Representing a general-purpose computation on the XRPL is challenging. The XRPL does not have the capability to represent a computation as a NAND gate circuit, for example.
BitVM is stateless, and therefore uses the Lamport signature scheme to commit Boolean circuits for state transition. The XRPL does not currently support this.
Further fraud-proof and dispute-resolution mechanisms are required if a BitVM solution is selected.

Evaluation Results

Requirement	Satisfies?	Notes
Permissionless
Native Feature Access		Yes, with some heavy modifications, as new machine instructions would need to be added and a fraud-proof mechanism would be required.
Ease of Learning		Developers have to do everything at the machine instruction level - there is no higher-level language.
Design Meshes Well with XRPL		It is designed for a UTXO blockchain, which the XRPL is not.
Ease of rippled Integration		BitVM has dependents that make integration difficult, such as the Lamport signature scheme.
Ecosystem Adoption		It is only used on Bitcoin, but Bitcoin is a very popular chain.

We decided not to proceed with BitVM, since our research showed that it didn’t mesh well from a design or implementation perspective.

9. RISC-V

RISC-V is an emerging CPU instruction-set architecture that can be used to execute blockchain computation.

Why This Was Investigated

RISC-V is register-based rather than stack-based as in WASM, which makes RISC-V more efficient.
RISC-V only contains ~40-50 instructions, while WASM has more than 200 instructions.
RISC-V is hardware-friendly and more suitable for resource-constrained devices.
RISC-V has built-in crypto support, which makes ZK proof generation and verification more efficient.

Evaluation Results

Requirement	Satisfies?	Notes
Permissionless
Native Feature Access		Yes, with some modifications, such as adding additional APIs.
Ease of Learning		It is still a very nascent VM.
Design Meshes Well with XRPL		Since RISC-V is its own independent VM, it should be easy enough to customize it.
Ease of rippled Integration		It would be a similar level of integration as WASM.
Ecosystem Adoption		It is still very nascent, and projects are only starting to use it.

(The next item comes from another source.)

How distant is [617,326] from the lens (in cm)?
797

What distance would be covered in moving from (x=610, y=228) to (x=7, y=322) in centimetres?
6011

We decided not to proceed with RISC-V, mainly due to its current maturity level. We plan to monitor RISC-V VM development in the blockchain ecosystem and will consider it as an alternative/additional solution for XRPL programmability in the future. For example, Nervos, Polkadot, and Ethereum are all in the process of developing RISC-V based projects.

10. Layer 2s and Sidechains

The two main examples considered here were rollups and sidechains.

Why This Was Investigated

L2 roll-ups provide parallel scalability and can be customized to fit a diverse set of application needs. Their safety comes from the mainnet (L1), and the safety of the mechanism connecting each roll-up to its L1 is guaranteed by each roll-up protocol.

Roll-Ups

L2 roll-ups provide parallel scalability and can be customized to fit a diverse set of application needs. Their safety comes from the Layer-1 (L1) mainnet, and the safety of the bridges between the roll-ups and their L1s is guaranteed by each roll-up protocol.

We investigated both Optimistic and ZK roll-ups.

Evaluation Results

There are several practical issues impeding the addition of roll-ups as a native primitive to the current XRPL:

The XRPL would need to add ~10 new transactors, for bridging between the mainnet and any roll-up, and additional native support beyond this would be required to verify ZK proofs.
XRPL does not have the appropriate logic and/or libraries to verify ZK proofs yet. Adding these would require significant testing and integration before being safely added to the XRPL.
- The zkVM libraries and several other projects we investigated are not yet production-ready. For example, they are in various stages of development (alpha, beta, or even still just a prototype).
Proving a ZK roll-up is very computationally expensive, so more research is needed to enable this to work in the confines of the current consensus model.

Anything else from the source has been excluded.